The MediaWiki wikitext parser is not a “parser” as such; it’s a pile of regular expressions, using PCRE as found in PHP. There are preprocessing and postprocessing steps. No formal definition of wikitext exists; the definition is literally “whatever the parser does.” Lots of features of wikitext that people use in practice are actually quirks of the implementation.
This is a serious problem. Rendering a complex page on en:wp can take several seconds on the reasonably fast WMF servers. Third-party processing of wikitext into XML, HTML or other formats is not reliably possible. You can’t drop in a faster parser if you happen to have access to gcc on your server. Solid WYSIWYG editing, as opposed to the many approximations over the years (some very good, but still very approximate), could really do with a formally-described language to work to. (That’s not all it needs, but it’s pretty much needed to make it solid.)
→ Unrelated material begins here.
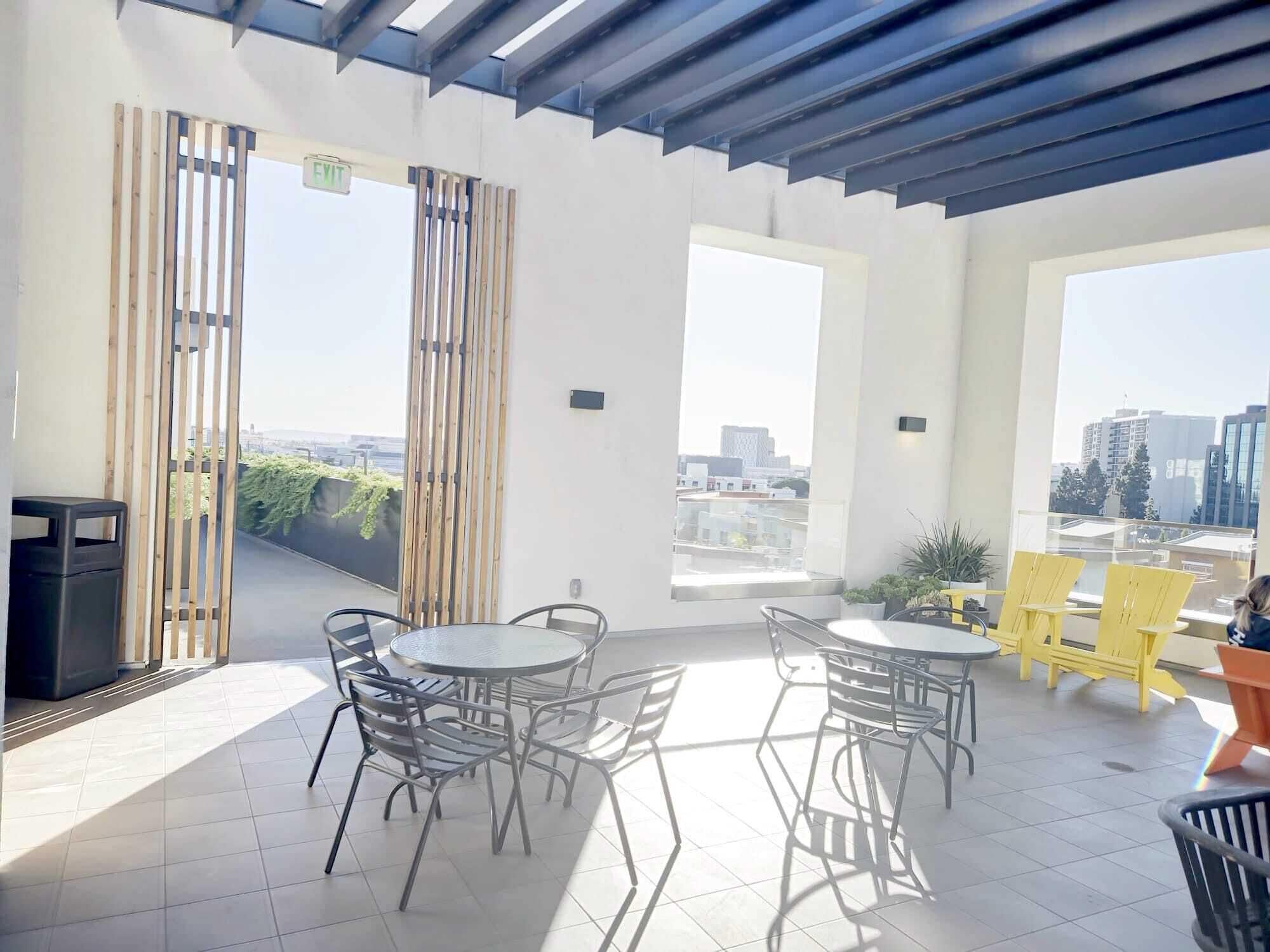 Restaurant Premier Apts in Vibrant Downtown LA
Actually describing wikitext is something many people have attempted and ended up dashing their brains against the rocks of. The hard stuff is the last 5%, and almost all of the horrible stuff needs to work because it’s used in the vast existing body of wikitext. Wikitext is provably impossible to describe as EBNF. Steve Bennett tried ANTLR and that effort failed too.
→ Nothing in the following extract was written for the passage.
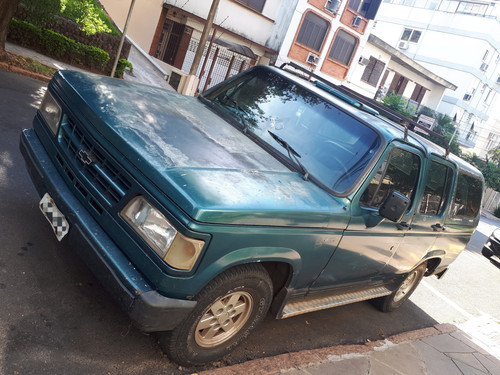 Chevrolet Veraneio M '94 verde vista de frente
If you’ve ever spat and cursed at the MediaWiki parser, you may care to glance at this month’s wikitext-l archives. (That’s the list
Tim Starling Domas Mituzas created to keep us from clogging wikitech-l with gibbering insanity.) Andreas Jonsson has been having a good hack at it, and he thinks he’s cracked it.
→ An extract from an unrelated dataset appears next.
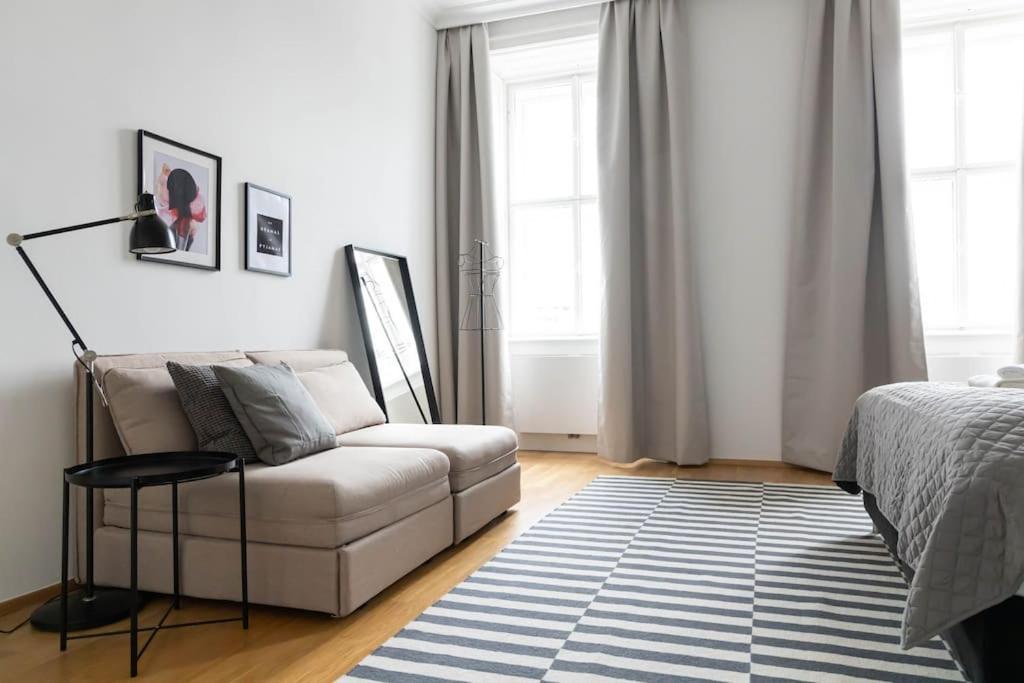 Franz 24 - Typical Viennese Apartment In The Heart Of Wien Ngoại thất bức ảnh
This won’t become the parser without some serious compatibility testing … and being faster than the existing one. But this even existing will mean third parties can use a compiled C parser instead of PHP, third parties can process wikitext with blithe abandon without a magic black box MediaWiki installation, dogs and cats can live together in Californian gay marriage and the world will be just that little bit more beautiful. Andreas’ mortal shell, mind destroyed by contemplation of insanity beyond the power of the fragile human frame to take, would be in line for the Nobel Prize for Wikipedia. Could be good. Should be in the WMF Subversion within a few days.